*** Opening Records to use ***

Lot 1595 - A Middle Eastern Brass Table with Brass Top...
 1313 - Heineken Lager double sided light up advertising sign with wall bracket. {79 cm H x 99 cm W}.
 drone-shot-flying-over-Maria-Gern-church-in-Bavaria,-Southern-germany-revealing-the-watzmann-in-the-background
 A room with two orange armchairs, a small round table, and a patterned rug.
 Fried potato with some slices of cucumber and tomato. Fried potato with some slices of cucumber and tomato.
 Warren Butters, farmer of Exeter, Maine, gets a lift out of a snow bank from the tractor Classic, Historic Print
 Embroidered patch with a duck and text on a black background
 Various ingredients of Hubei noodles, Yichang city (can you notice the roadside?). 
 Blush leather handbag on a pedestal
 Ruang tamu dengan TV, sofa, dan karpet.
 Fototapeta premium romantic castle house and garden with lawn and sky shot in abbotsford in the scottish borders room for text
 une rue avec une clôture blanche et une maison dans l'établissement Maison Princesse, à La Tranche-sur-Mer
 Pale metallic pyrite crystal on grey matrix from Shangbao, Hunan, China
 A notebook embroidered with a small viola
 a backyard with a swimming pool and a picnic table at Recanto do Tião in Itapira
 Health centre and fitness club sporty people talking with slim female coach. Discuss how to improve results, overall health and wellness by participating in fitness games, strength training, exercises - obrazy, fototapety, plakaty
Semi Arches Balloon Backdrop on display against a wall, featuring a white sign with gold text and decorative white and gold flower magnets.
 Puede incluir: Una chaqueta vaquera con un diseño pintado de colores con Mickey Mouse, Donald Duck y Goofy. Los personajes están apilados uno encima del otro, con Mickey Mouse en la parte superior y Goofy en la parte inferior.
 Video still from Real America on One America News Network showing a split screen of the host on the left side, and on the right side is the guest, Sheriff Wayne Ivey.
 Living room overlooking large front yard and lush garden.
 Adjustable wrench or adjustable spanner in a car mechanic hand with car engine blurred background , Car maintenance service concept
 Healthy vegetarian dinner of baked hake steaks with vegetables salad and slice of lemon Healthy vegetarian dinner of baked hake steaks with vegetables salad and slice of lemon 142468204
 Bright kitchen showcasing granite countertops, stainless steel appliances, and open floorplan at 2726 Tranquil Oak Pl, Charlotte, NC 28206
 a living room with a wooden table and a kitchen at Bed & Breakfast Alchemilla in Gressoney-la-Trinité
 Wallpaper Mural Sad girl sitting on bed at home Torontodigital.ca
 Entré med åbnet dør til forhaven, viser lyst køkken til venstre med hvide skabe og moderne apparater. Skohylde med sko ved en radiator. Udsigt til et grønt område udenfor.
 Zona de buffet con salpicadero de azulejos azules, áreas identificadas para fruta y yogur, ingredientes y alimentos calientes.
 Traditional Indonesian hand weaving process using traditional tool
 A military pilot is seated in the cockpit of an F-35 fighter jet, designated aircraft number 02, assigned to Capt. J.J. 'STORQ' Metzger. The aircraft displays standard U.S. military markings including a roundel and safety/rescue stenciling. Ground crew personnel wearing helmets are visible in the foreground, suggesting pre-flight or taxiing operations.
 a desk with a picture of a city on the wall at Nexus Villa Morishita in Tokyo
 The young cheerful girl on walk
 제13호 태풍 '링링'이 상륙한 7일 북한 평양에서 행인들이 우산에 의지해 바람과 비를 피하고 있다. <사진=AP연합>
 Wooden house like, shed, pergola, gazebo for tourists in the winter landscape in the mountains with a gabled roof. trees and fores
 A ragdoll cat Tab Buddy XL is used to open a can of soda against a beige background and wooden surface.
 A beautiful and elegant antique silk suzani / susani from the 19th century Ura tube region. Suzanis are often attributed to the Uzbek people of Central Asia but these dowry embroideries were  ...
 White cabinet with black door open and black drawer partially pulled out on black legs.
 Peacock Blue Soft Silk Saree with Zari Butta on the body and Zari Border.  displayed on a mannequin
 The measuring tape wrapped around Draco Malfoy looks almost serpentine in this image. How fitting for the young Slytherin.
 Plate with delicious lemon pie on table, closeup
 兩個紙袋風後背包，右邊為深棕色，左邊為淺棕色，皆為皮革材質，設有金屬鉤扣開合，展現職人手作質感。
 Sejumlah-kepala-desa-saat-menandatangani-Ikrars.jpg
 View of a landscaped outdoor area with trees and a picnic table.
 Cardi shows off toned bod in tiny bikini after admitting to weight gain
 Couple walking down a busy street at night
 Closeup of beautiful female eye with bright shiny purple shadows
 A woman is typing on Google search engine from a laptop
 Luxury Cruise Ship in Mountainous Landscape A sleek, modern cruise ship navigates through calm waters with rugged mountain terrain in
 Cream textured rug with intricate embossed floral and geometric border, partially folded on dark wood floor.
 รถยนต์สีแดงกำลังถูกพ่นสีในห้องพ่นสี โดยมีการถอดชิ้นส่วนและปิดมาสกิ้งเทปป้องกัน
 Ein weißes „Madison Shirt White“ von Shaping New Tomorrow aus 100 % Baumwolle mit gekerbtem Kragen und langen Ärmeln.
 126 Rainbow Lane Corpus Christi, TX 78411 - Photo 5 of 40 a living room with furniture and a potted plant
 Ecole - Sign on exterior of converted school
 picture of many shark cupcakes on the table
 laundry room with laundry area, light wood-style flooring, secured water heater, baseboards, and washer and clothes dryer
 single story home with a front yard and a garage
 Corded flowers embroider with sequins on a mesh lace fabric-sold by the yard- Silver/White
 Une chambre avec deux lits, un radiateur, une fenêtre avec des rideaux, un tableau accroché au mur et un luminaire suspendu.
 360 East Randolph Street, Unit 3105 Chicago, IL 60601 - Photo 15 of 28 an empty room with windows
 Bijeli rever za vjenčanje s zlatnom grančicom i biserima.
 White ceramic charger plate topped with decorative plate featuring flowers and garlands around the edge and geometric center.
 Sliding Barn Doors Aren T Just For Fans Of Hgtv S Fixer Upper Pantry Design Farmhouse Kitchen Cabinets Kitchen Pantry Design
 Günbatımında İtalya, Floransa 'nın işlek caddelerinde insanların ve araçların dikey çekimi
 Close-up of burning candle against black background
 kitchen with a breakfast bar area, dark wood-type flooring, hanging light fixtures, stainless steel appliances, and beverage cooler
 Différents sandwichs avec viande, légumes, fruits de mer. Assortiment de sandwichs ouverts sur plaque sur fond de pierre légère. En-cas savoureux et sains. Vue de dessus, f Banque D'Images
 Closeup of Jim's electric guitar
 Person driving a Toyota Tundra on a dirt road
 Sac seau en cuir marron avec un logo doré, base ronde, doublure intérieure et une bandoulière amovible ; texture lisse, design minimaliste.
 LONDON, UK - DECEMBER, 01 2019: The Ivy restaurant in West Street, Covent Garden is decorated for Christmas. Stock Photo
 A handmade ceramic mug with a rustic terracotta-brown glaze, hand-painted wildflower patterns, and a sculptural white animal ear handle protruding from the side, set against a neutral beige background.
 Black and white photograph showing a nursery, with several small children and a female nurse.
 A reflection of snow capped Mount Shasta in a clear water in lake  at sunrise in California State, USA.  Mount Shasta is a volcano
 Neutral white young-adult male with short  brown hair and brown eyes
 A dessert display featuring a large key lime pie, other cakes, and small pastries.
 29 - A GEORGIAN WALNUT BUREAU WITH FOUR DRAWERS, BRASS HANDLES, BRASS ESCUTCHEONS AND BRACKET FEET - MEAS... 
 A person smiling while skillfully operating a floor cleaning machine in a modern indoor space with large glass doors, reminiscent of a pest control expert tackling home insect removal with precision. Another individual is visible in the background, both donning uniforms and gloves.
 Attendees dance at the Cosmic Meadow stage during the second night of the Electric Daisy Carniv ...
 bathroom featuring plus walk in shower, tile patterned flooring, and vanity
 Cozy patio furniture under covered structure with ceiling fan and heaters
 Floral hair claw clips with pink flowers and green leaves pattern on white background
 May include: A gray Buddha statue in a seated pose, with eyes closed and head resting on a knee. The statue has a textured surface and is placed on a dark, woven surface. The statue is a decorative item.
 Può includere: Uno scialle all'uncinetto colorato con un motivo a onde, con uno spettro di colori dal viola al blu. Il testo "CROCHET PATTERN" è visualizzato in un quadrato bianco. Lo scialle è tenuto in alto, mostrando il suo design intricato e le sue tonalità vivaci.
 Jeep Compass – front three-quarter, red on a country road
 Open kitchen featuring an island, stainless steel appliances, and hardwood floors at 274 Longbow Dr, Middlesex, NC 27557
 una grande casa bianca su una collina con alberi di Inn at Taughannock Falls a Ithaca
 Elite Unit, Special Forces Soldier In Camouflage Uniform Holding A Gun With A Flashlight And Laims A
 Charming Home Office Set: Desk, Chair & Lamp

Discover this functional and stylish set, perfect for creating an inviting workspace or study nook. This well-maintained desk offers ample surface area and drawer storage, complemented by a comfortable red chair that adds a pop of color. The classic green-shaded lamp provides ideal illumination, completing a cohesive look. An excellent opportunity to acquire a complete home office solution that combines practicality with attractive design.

*** Closing Records to use ***

Work required:
Using the data above, reproduce exactly the lines between those holding "Bijeli rever za" and "Person driving a", inclusive, and no others.

Result for this exercise:
 Bijeli rever za vjenčanje s zlatnom grančicom i biserima.
 White ceramic charger plate topped with decorative plate featuring flowers and garlands around the edge and geometric center.
 Sliding Barn Doors Aren T Just For Fans Of Hgtv S Fixer Upper Pantry Design Farmhouse Kitchen Cabinets Kitchen Pantry Design
 Günbatımında İtalya, Floransa 'nın işlek caddelerinde insanların ve araçların dikey çekimi
 Close-up of burning candle against black background
 kitchen with a breakfast bar area, dark wood-type flooring, hanging light fixtures, stainless steel appliances, and beverage cooler
 Différents sandwichs avec viande, légumes, fruits de mer. Assortiment de sandwichs ouverts sur plaque sur fond de pierre légère. En-cas savoureux et sains. Vue de dessus, f Banque D'Images
 Closeup of Jim's electric guitar
 Person driving a Toyota Tundra on a dirt road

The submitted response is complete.